_TASK_
Without the images, print all the entries below exactly as given.

[Captioned web images]
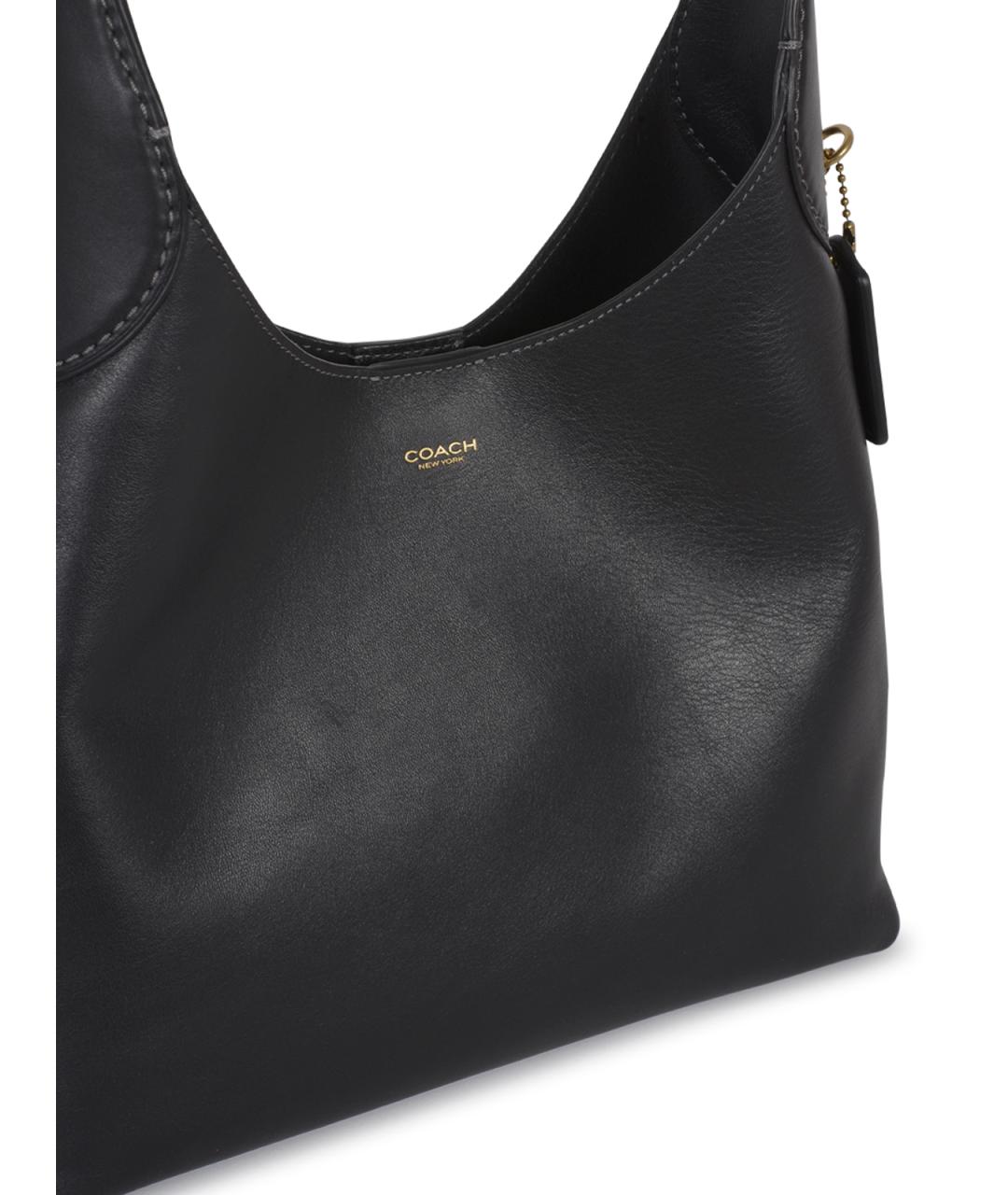 COACH Черная кожаная сумка тоут, фото 8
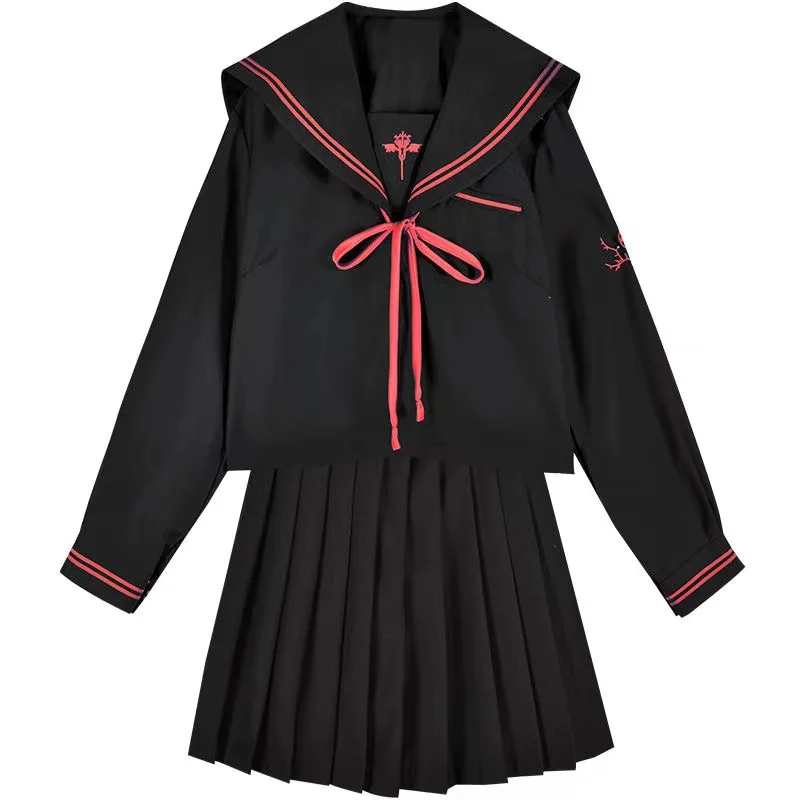

Hot Schoolgirl Uniforms Dark Devil Embroidery Jk Sets Japanese School Uniform Cosplay Student Collage Sailor Suit Female BLACK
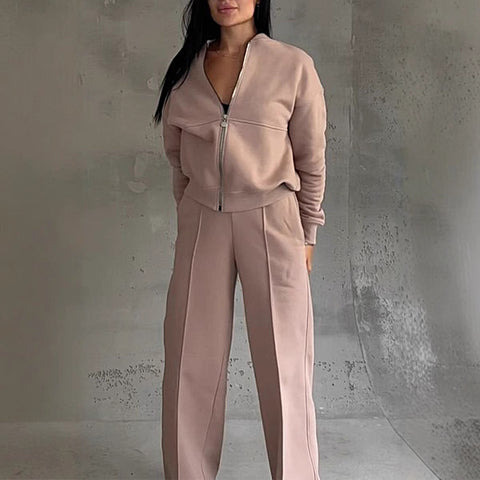 Winter velvet women's suit women's solid color sweater casual suit m301676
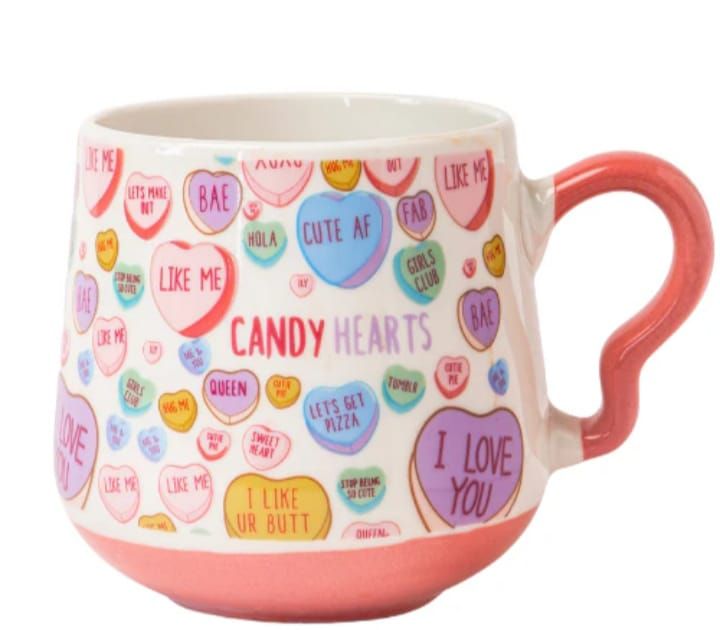 candy heart ceramic mug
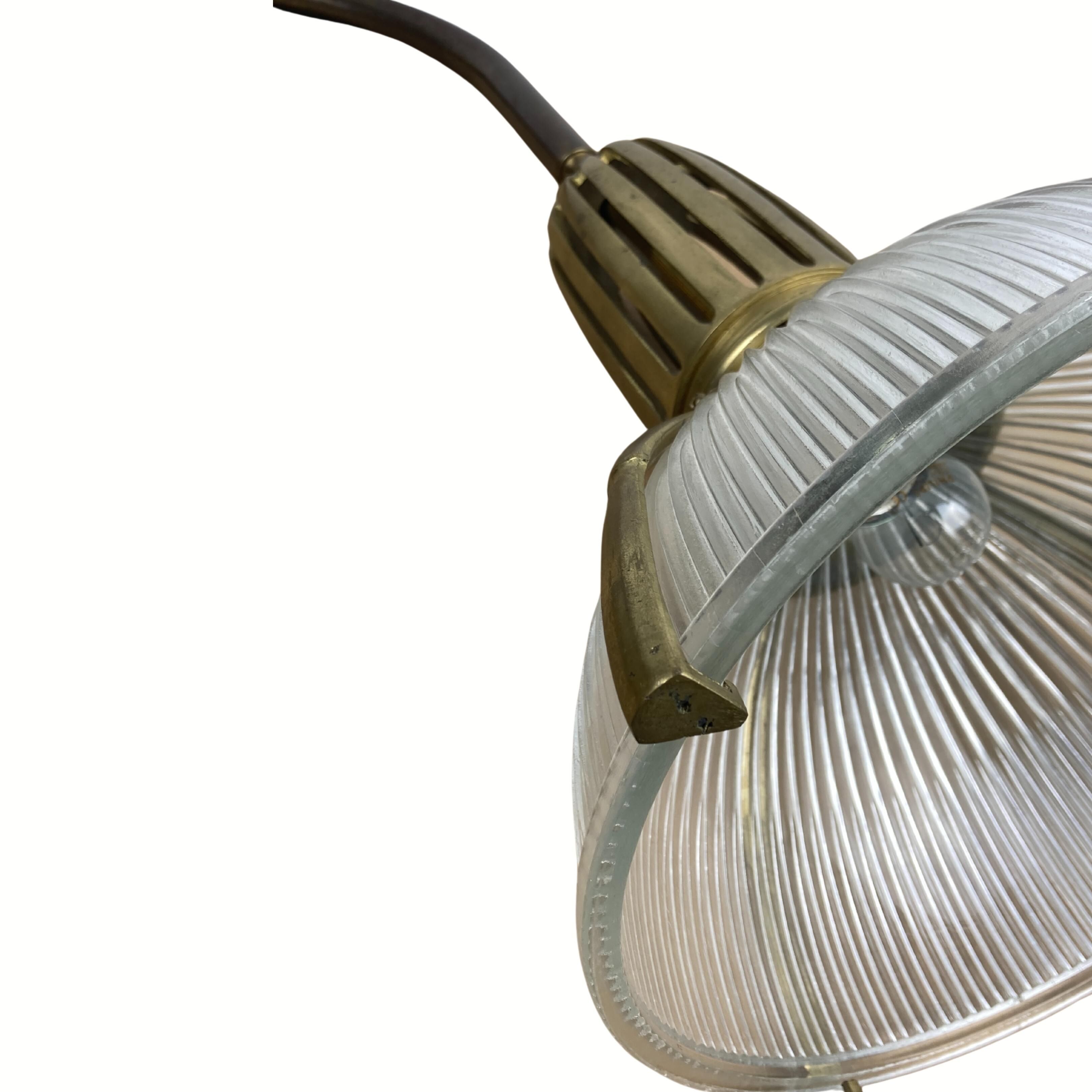 Art deco holophane cut glass and brass wall lamps, 1970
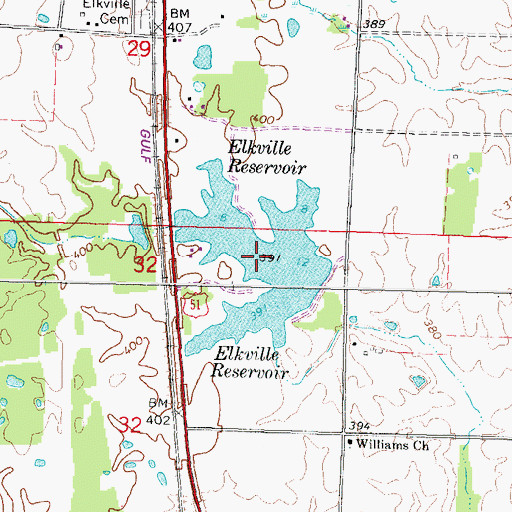 Topographic Map of Elkville Reservoir, IL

_EXPECTED OUTPUT_
 COACH Черная кожаная сумка тоут, фото 8

Hot Schoolgirl Uniforms Dark Devil Embroidery Jk Sets Japanese School Uniform Cosplay Student Collage Sailor Suit Female BLACK
 Winter velvet women's suit women's solid color sweater casual suit m301676
 candy heart ceramic mug
 Art deco holophane cut glass and brass wall lamps, 1970
 Topographic Map of Elkville Reservoir, IL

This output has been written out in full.